Science & Technology, New Zealand (Commonwealth Union) – Drug resistance to various diseases has been a serious concern for health experts across the world. The over prescription of certain drugs and the evolution of many strains to resist drugs over time have been primarily blamed for drug resistance.
Tuberculosis (TB), is an infectious disease where the bacterium Mycobacterium tuberculosis is responsible. TB primarily affects the lungs, but it can also affect other parts of the body such as the kidneys, spine, and brain. A major challenge in treating TB is drug resistance. Drug resistance can occur when the bacteria that cause TB are able to survive and reproduce despite treatment with one or more antibiotics.
Scientists at the University of Otago have found new ways to treat antibiotic-resistant strains of TB, paving the way for new approaches for tackling the disease that leads to roughly 4,000 fatalities per day.
PhD candidate Natalie Waller as well as Senior Author Dr Matthew McNeil, of the Department of Microbiology and Immunology led the study. The scientists identified antibiotics capable of rapidly destroying drug resistant strains of TB and when combined could halt drug resistance from taking place completely.
TB is a major global health problem, with an estimated 10 million cases each year. Symptoms of the disease can vary depending on the part of the body affected, but common symptoms of pulmonary TB include a persistent cough, fatigue, fever, night sweats, and weight loss. TB can also cause damage to the lungs, leading to complications such as respiratory failure. In New Zealand around 300 cases are diagnosed annually.
TB is diagnosed through a combination of tests, including a chest X-ray, a sputum test to detect the presence of the bacteria, and a skin or blood test to determine if a person has been exposed to the bacteria.
The issue of drug-resistant strains of the disease, which are difficult to treat and with a shortfall of treatment options have increased at an “alarming rate” according to researchers.

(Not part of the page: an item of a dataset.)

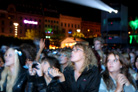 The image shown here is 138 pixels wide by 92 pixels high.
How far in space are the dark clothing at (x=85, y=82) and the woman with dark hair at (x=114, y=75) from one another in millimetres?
161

Dr McNeil indicated the need not only for new drugs, but improved drug combinations capable of enhancing the treatment success and avoid more spreading of antibiotic resistance.
He further pointed out that, antibiotic resistance leads to lower sensitivity, however in certain cases becoming resistant to one antibiotic may lead to a pathogen with increased sensitivity to other completely unrelated antibiotics. But, the phenomenon of collateral sensitivity was primarily unexplored in TB, until the present.
Dr McNeil also pointed out that its very hardy, resilient and difficult to evaluate in the lab due to its dangerous pathogen that multiples very slowly.
“To overcome this, our study used a weakened non-virulent strain of Mycobacterium tuberculosis that cannot cause disease or survive outside of the lab to generate strains that were resistant to different antibiotics,” explained Dr McNeil.
The scientists then found out if the drug-resistant strains of the bacterium had either been elevated or had lower sensitivity to other antibiotics.
“We wanted the results of our work to have the greatest chance for clinical impact. For this reason, our study placed an emphasis on drugs that are either clinically approved or in pre-clinical development,” added Dr McNeil.
“Excitingly this work identified a number of instances in which a particular drug-resistant strain was more sensitive to antibiotics that targeted a completely unrelated pathway. We then showed we could use these specific drugs to rapidly kill drug resistant strains as well as design unique drug combinations that prevented the emergence of drug resistance.
Dr McNeil also indicated that work will now be required to focus on further implementing these findings into in animal studies.
“There is still work to do, but this is certainly a significant step in the fight again anti-microbial resistance.”